Un ami, du coté de sa famille à lui, commandait une barge sur la Gironde. La machine à vapeur crachait beaucoup mais sa cargaison habituelle ne s’en plaignait pas. Les lourds tonneaux de Médoc supportaient mal les routes cahoteuses. Lui, il les amenait jusqu’au flanc des navires hanséates, au milieu du fleuve, à la grande satisfaction des capitaines à qui il épargnait la remontée tirée par un remorqueur jusqu’à Bordeaux.
Ils feraient donc ainsi. À peine sorti de la ferme, ils piqueraient sur l’estuaire à l’embarcadère de la Belle étoile, le bac à fond plat uniquement chargé d’un camion vide prendrait le goulet entre l’île Nouvelle et l’île Bouchaud et de là filerait sur Pauillac. Elle l’avait fait si souvent ce trajet, refusant de le laisser partir seul dans un caprice jaloux de femme heureuse.

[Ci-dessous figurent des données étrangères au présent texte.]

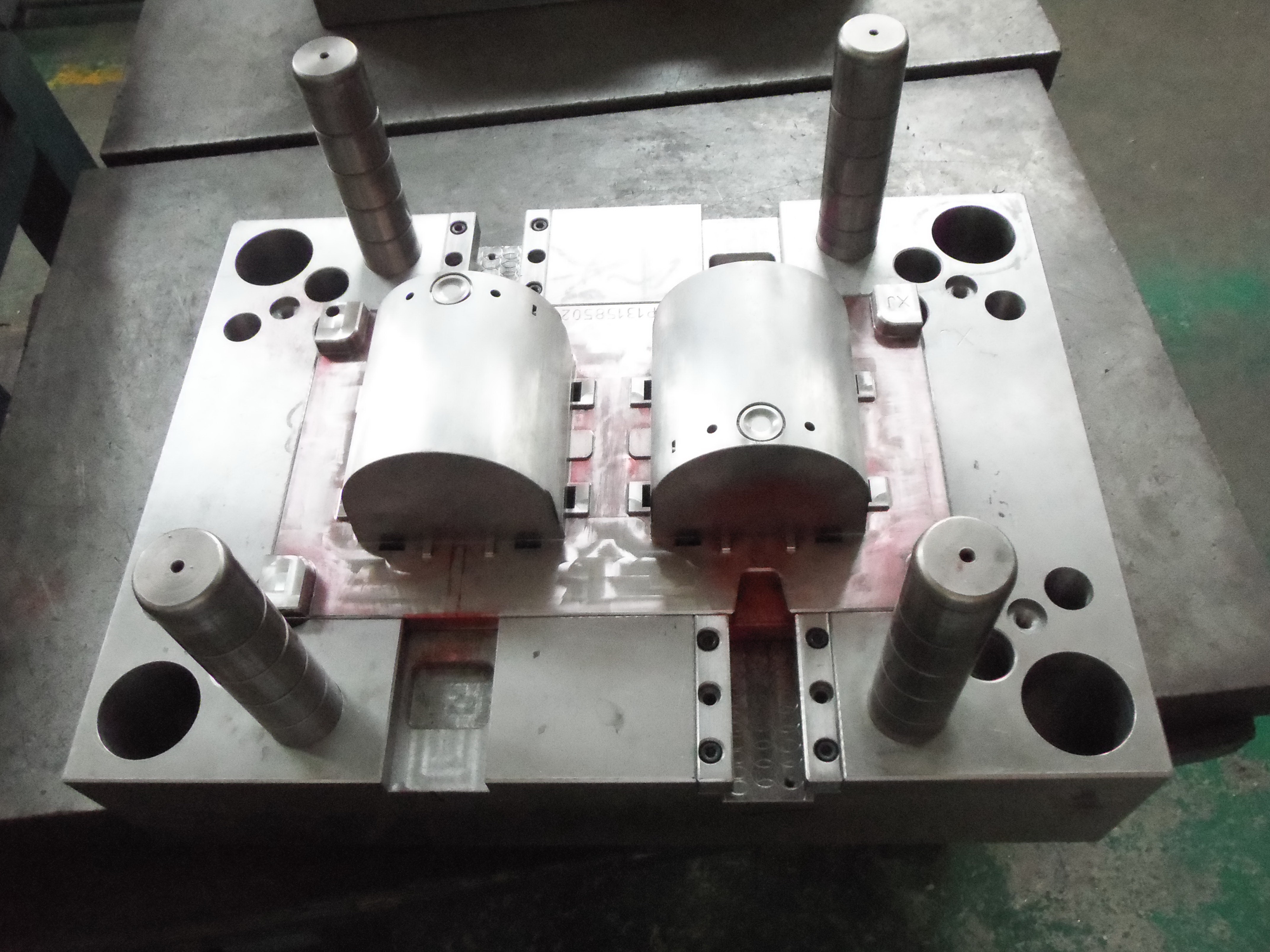 用心推荐，易游网官网【图】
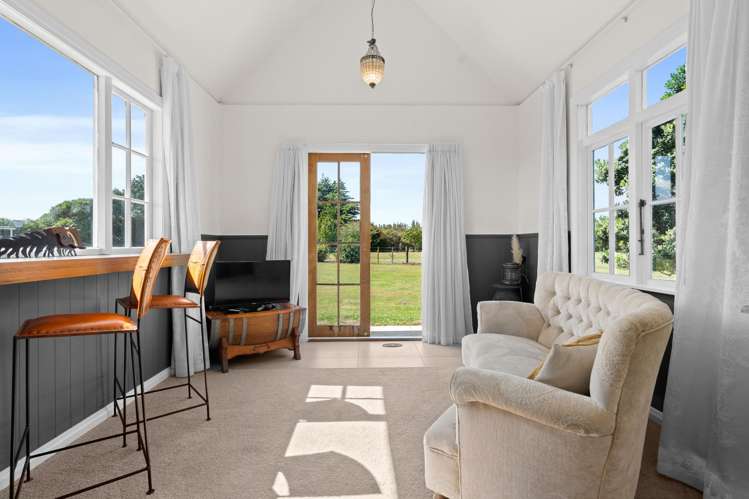 3109 Lake Ferry Road Lake Ferry_29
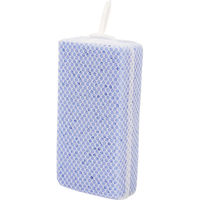 東和産業 BMK ジャンボネットクリーナー 4901983320764 1個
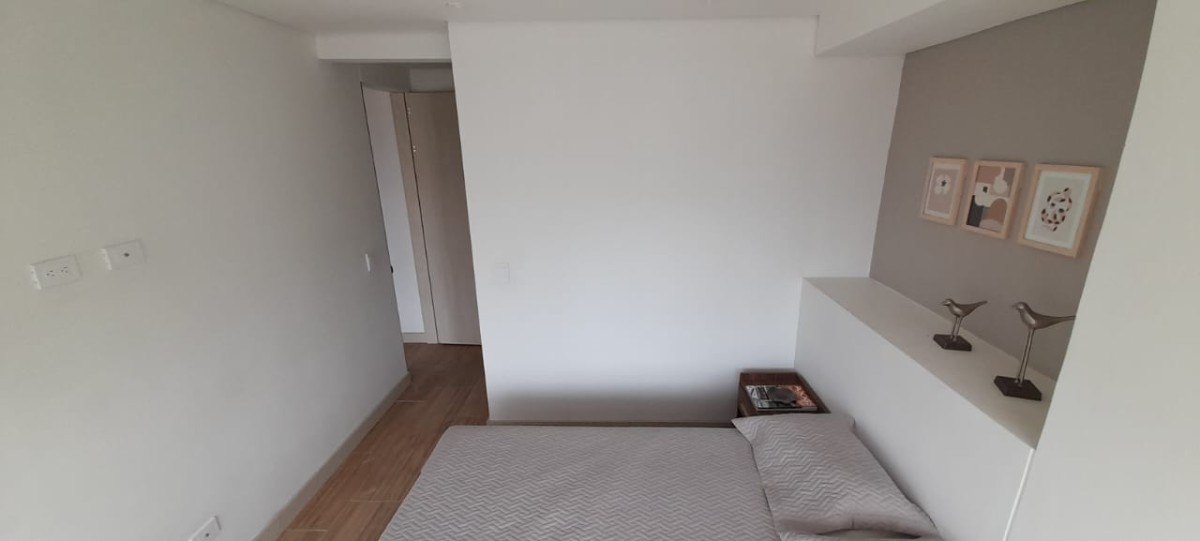 Foto de Apartamento para Venta en Chipre, Manizales - 52233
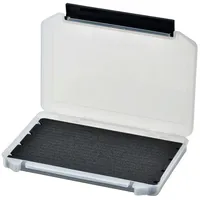 Meiho Slit Form Case SC-3010 20,5x14,5x2,5cm - Angelbox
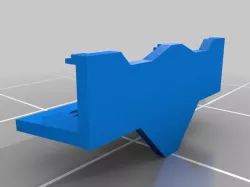 Device Holder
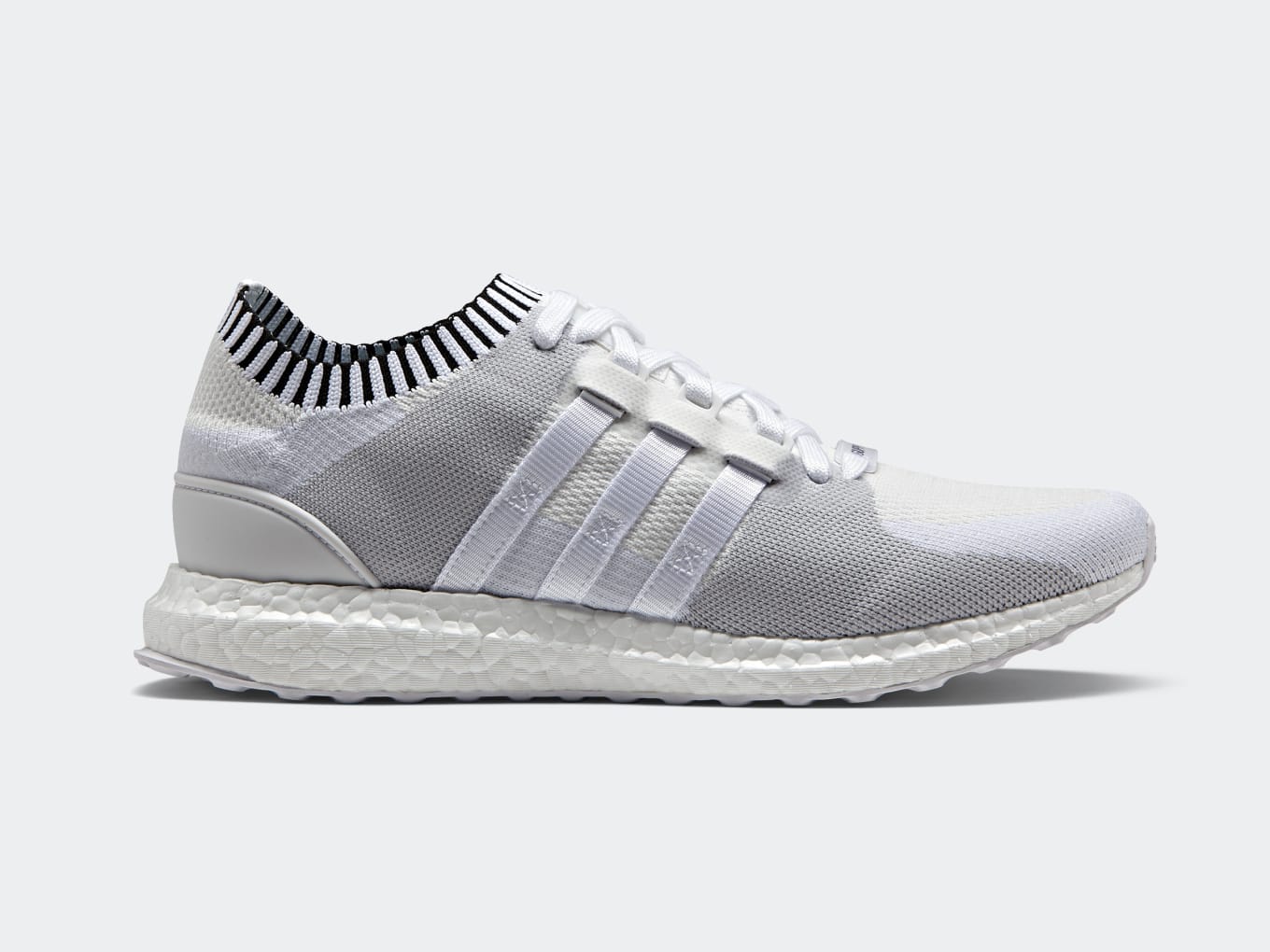 adidas eqt support vintage white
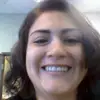 QueenSassy - @desireedana200 - TikTok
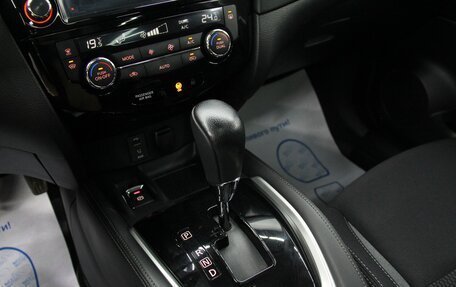 Nissan Qashqai, 2020 год, 2 245 000 рублей, 26 фотография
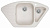 Мойка EMAR EMQ-2890 EMQ-2890 Агат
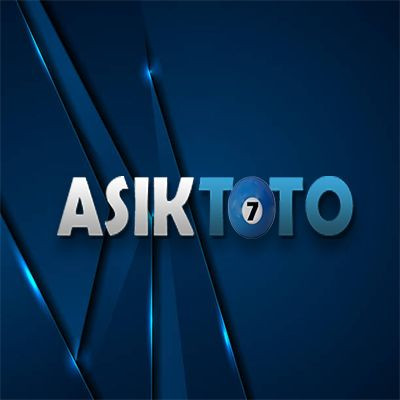 asiktoto asiktoto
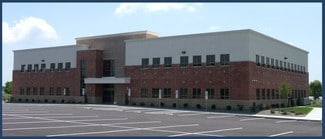 Plus de détails pour 21 Waterford Dr, Mechanicsburg, PA - Bureau à louer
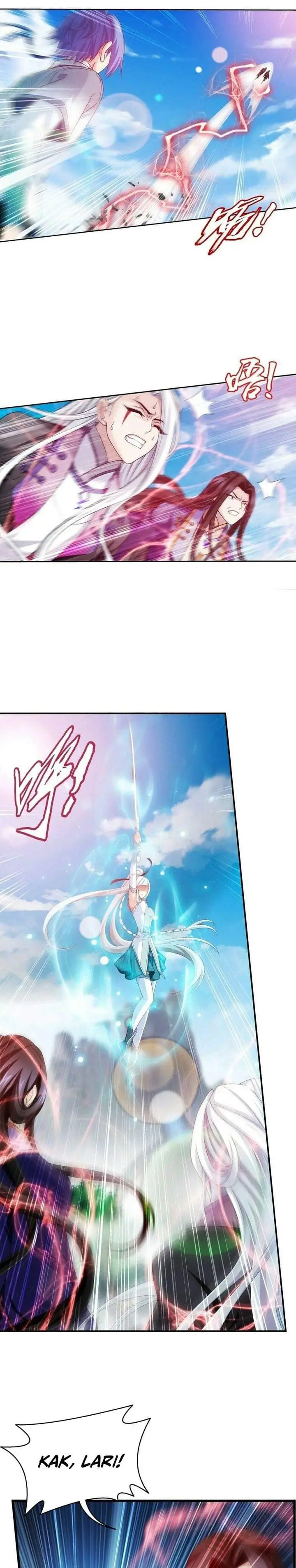 image-komik-the-great-ruler-chapter-332-6/12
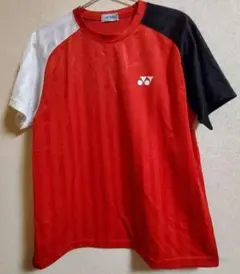 ウェア Sサイズ ヨネックス YONEX テニス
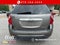 2010 Chevrolet Equinox LS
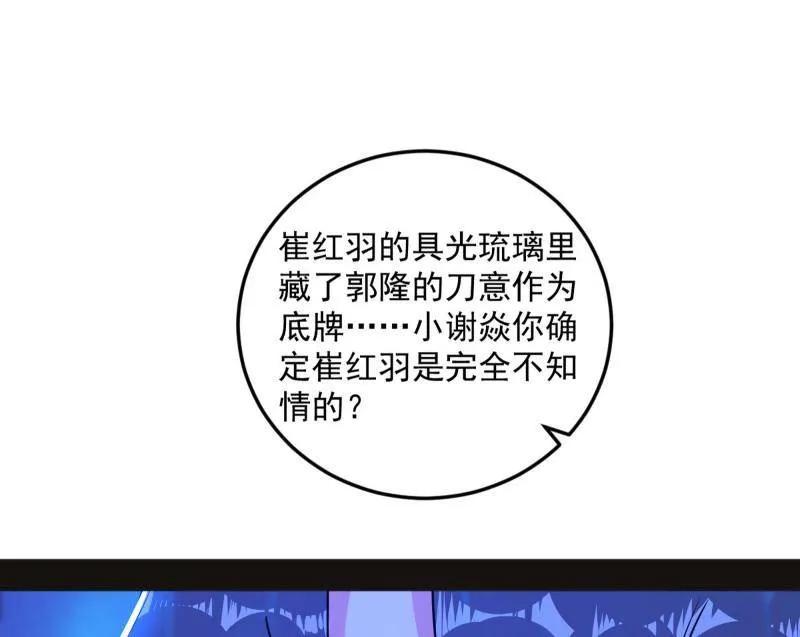 62.jpg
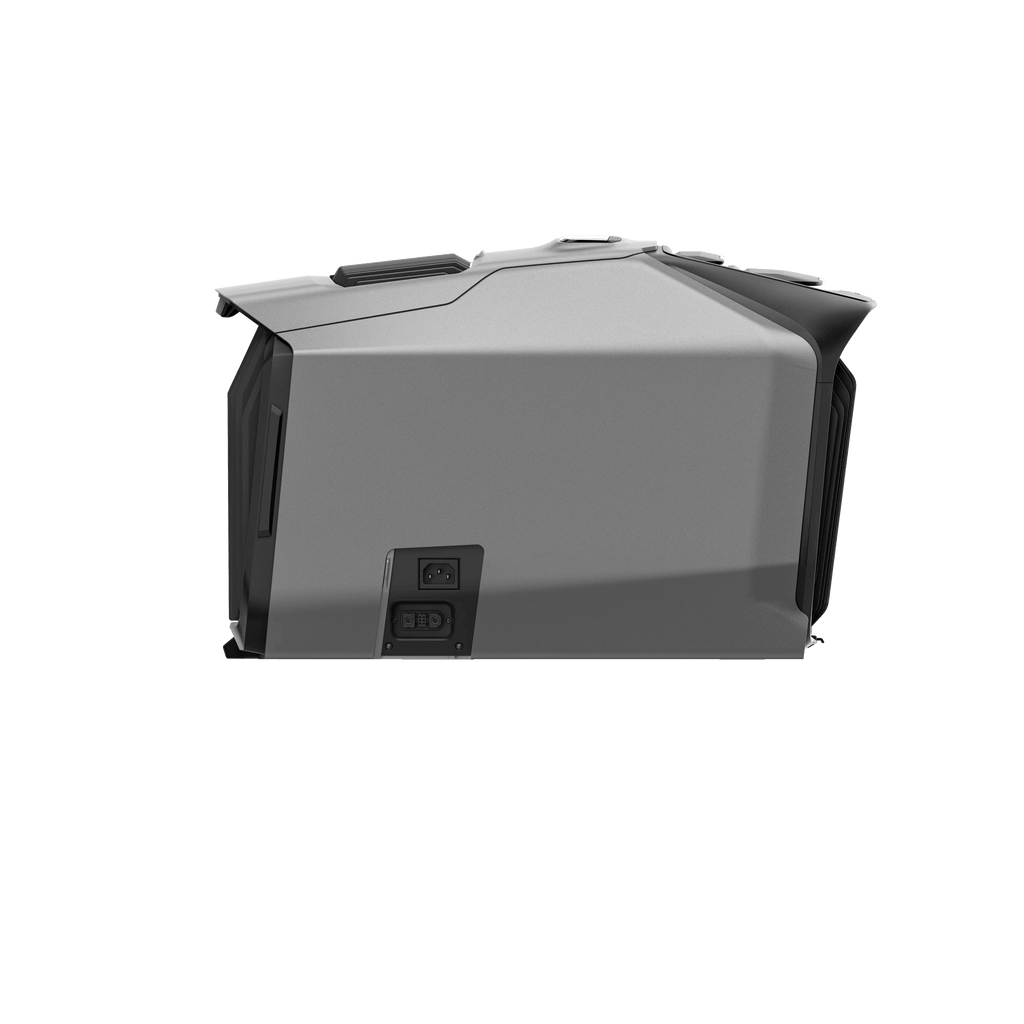 EcoFlow WAVE 3 Portable Air Conditioner (No Add-on battery)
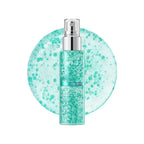 Anua PDRN Collagen Glow Facial Serum Spray - Hydrating Face Mist 100ml - Korean Skincare - New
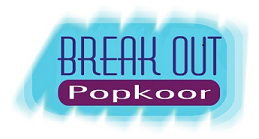 Popkoor Break Out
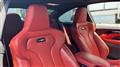 2018 BMW BMW Others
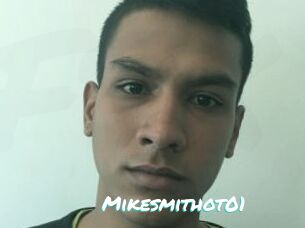 Mikesmithot01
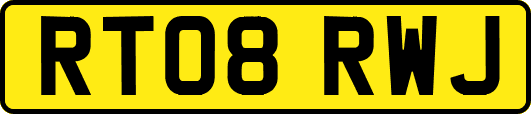 RT08RWJ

Pauillac, Saint Laurent, Castelnau jusqu’à Bordeaux sur les quais où se traitaient les affaires. Elle était belle, les Chartrons avaient su lui dire. Cette fois ils s’arrêteraient avant, à l’institution pour débiles de Mérignac qui avait recueilli Arnaud depuis quelques jours. Elle rangerait le camion dans la cour de l’institution où ils passeraient la nuit. Au matin, son frère et son mari partiraient à la caserne de Bordeaux à pieds, lui évitant la conduite en ville et elle repartirait reprendre le bac à Pauillac en compagnie de Nono.
Comme elle avait su être intraitable avec elle-même pour apprendre en accéléré ce qui demandait des semaines aux autres, elle fut obstinée à exiger qu’Henri les accompagne. Elle ne pouvait imaginer confier la manivelle à Nono qu’elle ne connaissait pratiquement pas et encore moins le mettre aux commandes à cet instant :
« Il va noyer le moteur, ou accélérer ! »
« Imagine qu’il embraye avec moi devant ! »
« Tu as souvent demandé à Henri de tourner la manivelle quand j’étais occupée ailleurs, il sait faire. Combien de fois je l’ai vu la tête dans le moteur »
Il n’y avait rien à redire. Denis connaissait son frère et savait bien qu’ils ne seraient pas trop de deux.
Henri fit le voyage à l’arrière en compagnie des bidons d’essence. La traversée de la Gironde à l’aller comme au retour lui offrit l’occasion d’approcher pour la première fois les énormes cargos. Il les entendit grincer et frapper l’eau de leur proue. Il enragea du vacarme de la machine à vapeur. Sinon, la route ne fut qu’une succession de cahots incessants dans un nuage de poussière. Au retour il monta devant, Nono au milieu. À sa belle-sœur, à Henri, aux deux, il parlait tout le temps. Il ne disait rien mais il parlait. Il inventait des réponses même sans question. Le soir venu, malgré la lourdeur de l’humeur des quatre femmes, il fit régner une ambiance de vivacité joyeuse par son bavardage incessant. Le père stupéfait ; à la fin, n’y tenant plus la mère lui dit : « Mon garçon tu me casses les oreilles »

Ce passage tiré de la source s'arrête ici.